Power is not simply a property of the State.

Power is not something that is exclusively localized in government and the State (which is not a universal essence). Rather, power is exercised throughout the social body.

Power operates at the most micro levels of social relations.

Power is omnipresent at every level of the social body.

The exercise of power is strategic and war-like

Michel Foucault.

Prior to the day of it, an agreement had been reached. There would be lunch and talk in a public place, that was what I insisted because I did not want to continue the intimacy on his terms, which was my right. I had, up to that point, accommodated his wishes. Now I was done with that.

It was, for me, the end of the affair, and it was my intention to gently tell him this over lunch in the public place, without rancour as my feelings for him remained strong, though I knew I didn’t want to maintain our situation.

There is that point one can arrive at, when it becomes undeniably clear that something is finished as it is, and must either change its form, or end. I had reached that point. All that remained was for me to speak it, and for us to say goodbye.

He would have sensed this, the counsellor said. Your insistence that the meeting take place in public. The first time you’d exerted that kind of control, up till then he’d set the conditions. You took the control away from him and he must have known it was the end.

Sexual assault is about power. He’d lost control of you. He had to get it back.

No one has set the conditions for my life since I was fifteen.

I think about this. I think about the many and varied ways in which power can be exerted, some difficult to detect. Ignoring a woman’s expressed wishes. Pretending helplessness in the face of her “irresistibility.” Driving her without permission to an unknown destination. Telling her you know you both want it, even though she has spent at least a month telling you she doesn’t.

Altering the terms of engagement without consultation and negotiation, as one would never do with someone considered an equal.

The projection of desire. She must want it just as much. He knows better than she does what she wants, and how, and where, and when.

Later, he said, scoffing, You weren’t really going to leave. You know you weren’t.

You are wrong, I told him. You don’t know how wrong.

I’m not, as an adult woman, used to my decisions being the subject of mockery, used as an expression of triumph over me. I’m not used to telling a man, I do not want to do that, and being ignored.  It took me completely by surprise, that particular type of disempowerment, that specific variation of male entitlement, that denial of my humanity, and my right to be heard when I said I do not want.

It has nothing at all to do with love. That much I do know.

No man will do those things to me, and walk away without accounting for himself, keeping them hidden. That’s my power. I won’t keep his secrets.

And when he’s named, I will not care.

I wonder sometimes, what of his wife, his adult daughters, what will they make of this?

It’s possible to spend a lifetime with another, and never really know him.

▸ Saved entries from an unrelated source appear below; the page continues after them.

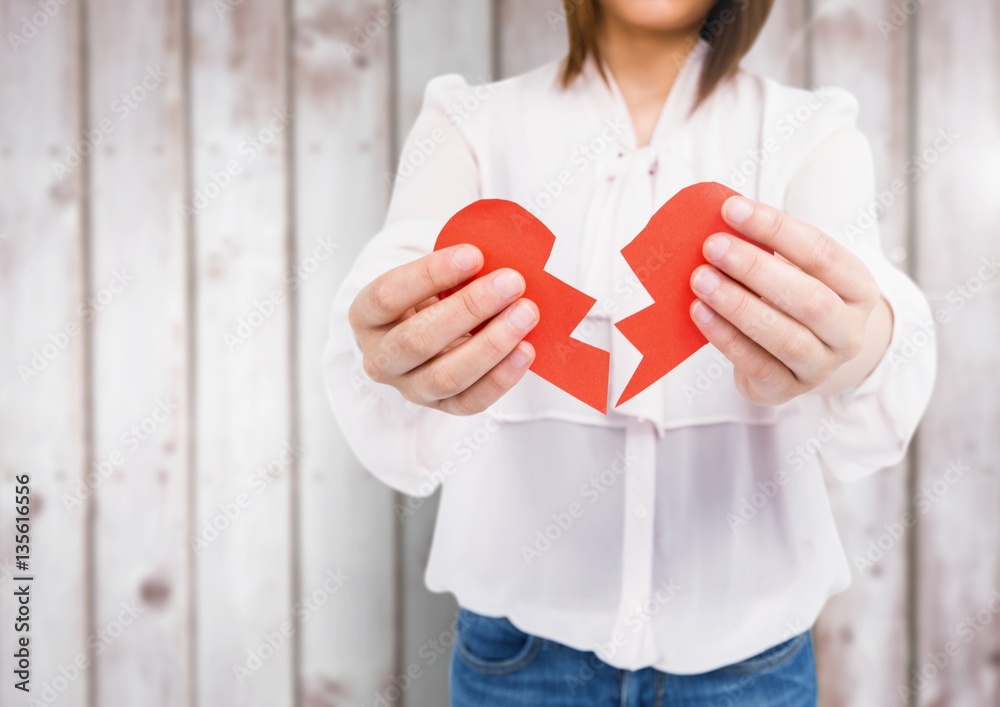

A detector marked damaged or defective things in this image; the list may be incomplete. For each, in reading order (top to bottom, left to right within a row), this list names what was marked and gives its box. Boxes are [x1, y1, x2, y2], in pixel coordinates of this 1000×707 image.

broken red heart [434, 183, 768, 414] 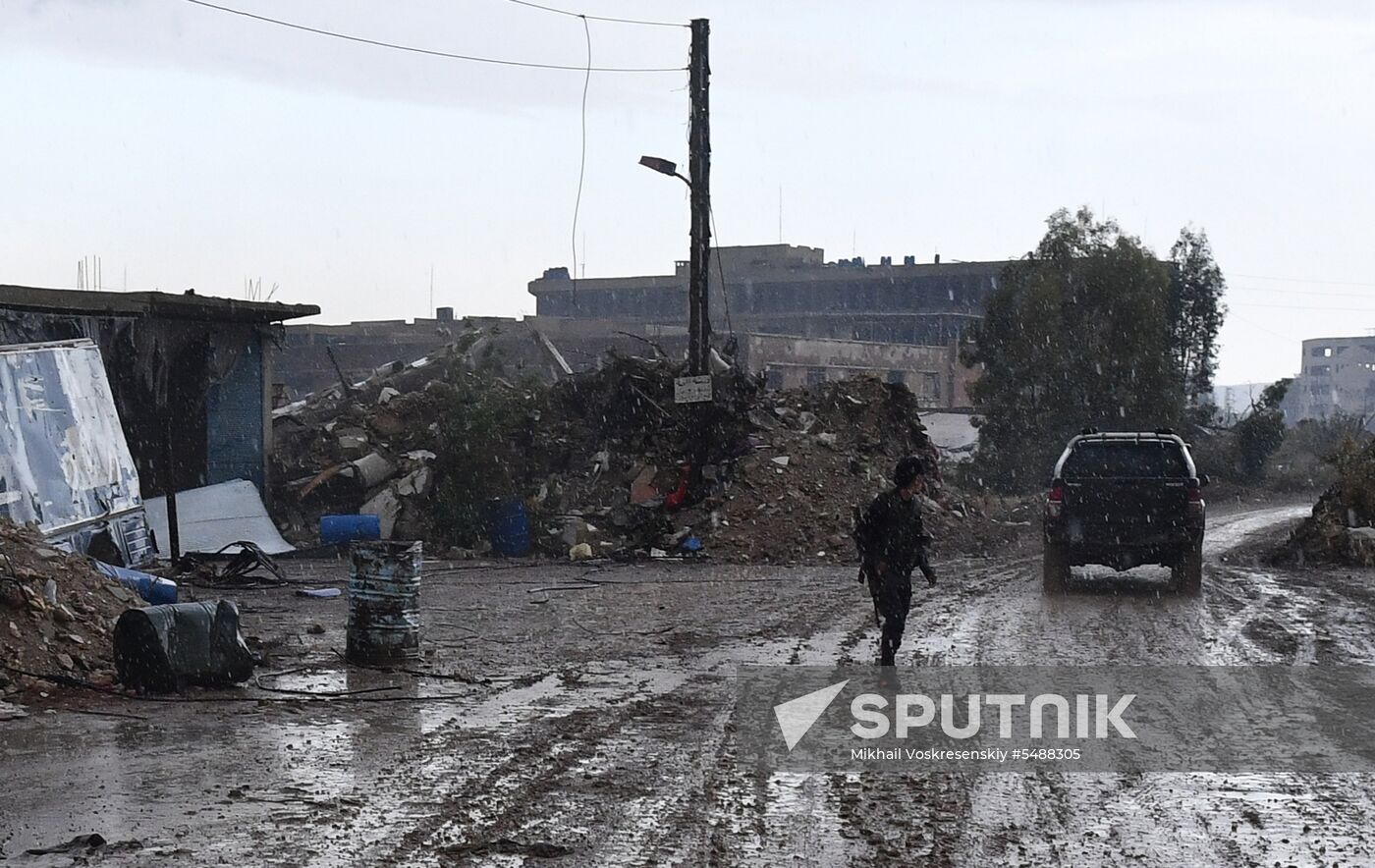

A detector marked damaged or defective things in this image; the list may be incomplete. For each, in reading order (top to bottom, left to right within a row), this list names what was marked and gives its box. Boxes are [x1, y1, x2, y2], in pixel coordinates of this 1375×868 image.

damaged structure [1, 285, 316, 499] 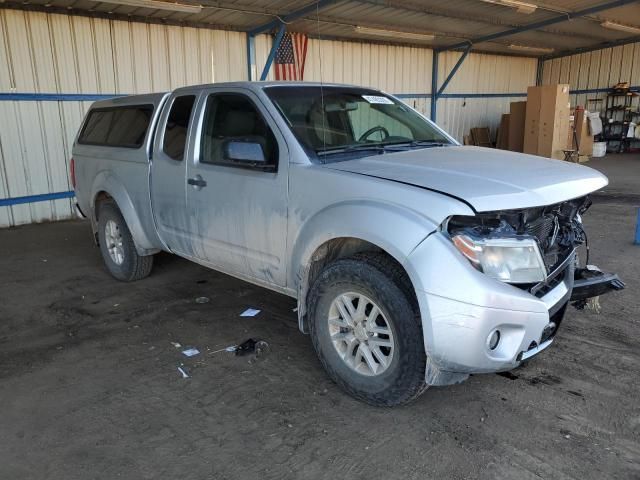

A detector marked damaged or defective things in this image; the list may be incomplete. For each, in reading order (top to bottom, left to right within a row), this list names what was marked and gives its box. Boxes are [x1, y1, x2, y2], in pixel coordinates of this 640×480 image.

cracked headlight [450, 234, 544, 284] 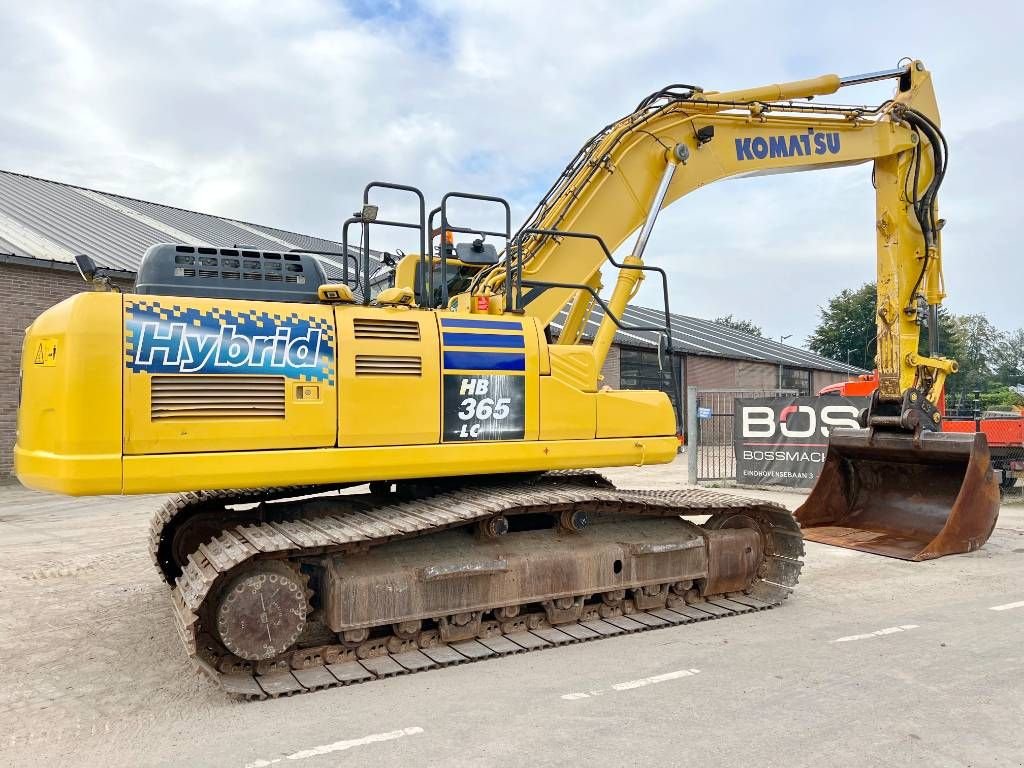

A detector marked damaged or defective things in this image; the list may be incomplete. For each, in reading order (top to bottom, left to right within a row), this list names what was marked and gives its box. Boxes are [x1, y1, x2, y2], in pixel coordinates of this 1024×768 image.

rusty bucket [790, 430, 999, 561] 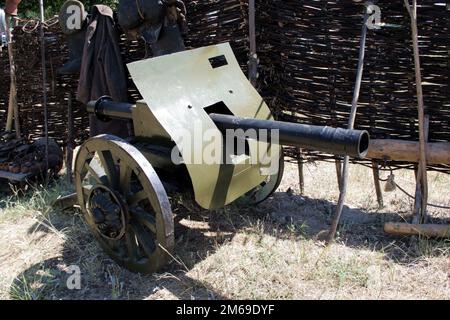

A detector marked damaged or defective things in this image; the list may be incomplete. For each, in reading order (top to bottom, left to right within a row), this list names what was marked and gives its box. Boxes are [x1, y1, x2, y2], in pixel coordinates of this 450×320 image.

I think, you don’t know anyone until you’ve seen them at their worst, their dark side, the desires they conceal, sometimes even from themselves. There’s no deep intimacy without knowledge of the dark side. There’s no real choice either.

All I can think of with regard to his family, is that I’m eternally glad I am not one of them. Predators don’t only groom their victims, the counsellor told me. They groom everyone around them to see them in a particular way. This is their cover and if they’re caught, everyone exclaims, I can’t believe that of him, he seemed so honourable, so kind, so community-minded, so unlikely to behave in those ways!

Of course she’s right. I hadn’t thought of that.

And yet…I knew I should never have let him meet you without me, shouted his wife.

Why? What did she know about him that made her think that, then shout it at me as if her lack of vigilance was somehow my responsibility? As if I should have known what she knew? As if it is an ordinary thing, that grown men may not meet women without the supervision of their wives?

This was not a custom with which I was familiar. Or one I would have chosen in my married life.

My anger remains white-hot. My eyes will burn holes in both their hearts.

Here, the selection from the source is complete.